--- START ---

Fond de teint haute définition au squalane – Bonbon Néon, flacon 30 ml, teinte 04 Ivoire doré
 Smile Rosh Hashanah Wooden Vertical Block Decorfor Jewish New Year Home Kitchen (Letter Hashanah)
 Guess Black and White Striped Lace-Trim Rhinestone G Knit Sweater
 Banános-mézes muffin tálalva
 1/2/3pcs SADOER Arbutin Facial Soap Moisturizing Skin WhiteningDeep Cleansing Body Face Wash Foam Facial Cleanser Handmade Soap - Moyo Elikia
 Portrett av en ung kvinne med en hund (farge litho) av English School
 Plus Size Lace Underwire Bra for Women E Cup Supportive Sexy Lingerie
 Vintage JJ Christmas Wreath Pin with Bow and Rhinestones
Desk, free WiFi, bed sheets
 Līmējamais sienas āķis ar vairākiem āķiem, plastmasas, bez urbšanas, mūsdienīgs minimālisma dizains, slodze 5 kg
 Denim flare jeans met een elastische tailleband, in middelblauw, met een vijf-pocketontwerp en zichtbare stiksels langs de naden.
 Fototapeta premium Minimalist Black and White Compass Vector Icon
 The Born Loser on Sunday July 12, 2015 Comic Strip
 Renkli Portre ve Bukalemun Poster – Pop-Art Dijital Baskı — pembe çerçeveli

--- END ---

■ TASK TO COMPLETE:
Transcribe exactly the lines from the one containing "1/2/3pcs SADOER Arbutin" through the end of the records, both included, and nothing else.

■ SOLUTION TO THIS EXERCISE:
 1/2/3pcs SADOER Arbutin Facial Soap Moisturizing Skin WhiteningDeep Cleansing Body Face Wash Foam Facial Cleanser Handmade Soap - Moyo Elikia
 Portrett av en ung kvinne med en hund (farge litho) av English School
 Plus Size Lace Underwire Bra for Women E Cup Supportive Sexy Lingerie
 Vintage JJ Christmas Wreath Pin with Bow and Rhinestones
Desk, free WiFi, bed sheets
 Līmējamais sienas āķis ar vairākiem āķiem, plastmasas, bez urbšanas, mūsdienīgs minimālisma dizains, slodze 5 kg
 Denim flare jeans met een elastische tailleband, in middelblauw, met een vijf-pocketontwerp en zichtbare stiksels langs de naden.
 Fototapeta premium Minimalist Black and White Compass Vector Icon
 The Born Loser on Sunday July 12, 2015 Comic Strip
 Renkli Portre ve Bukalemun Poster – Pop-Art Dijital Baskı — pembe çerçeveli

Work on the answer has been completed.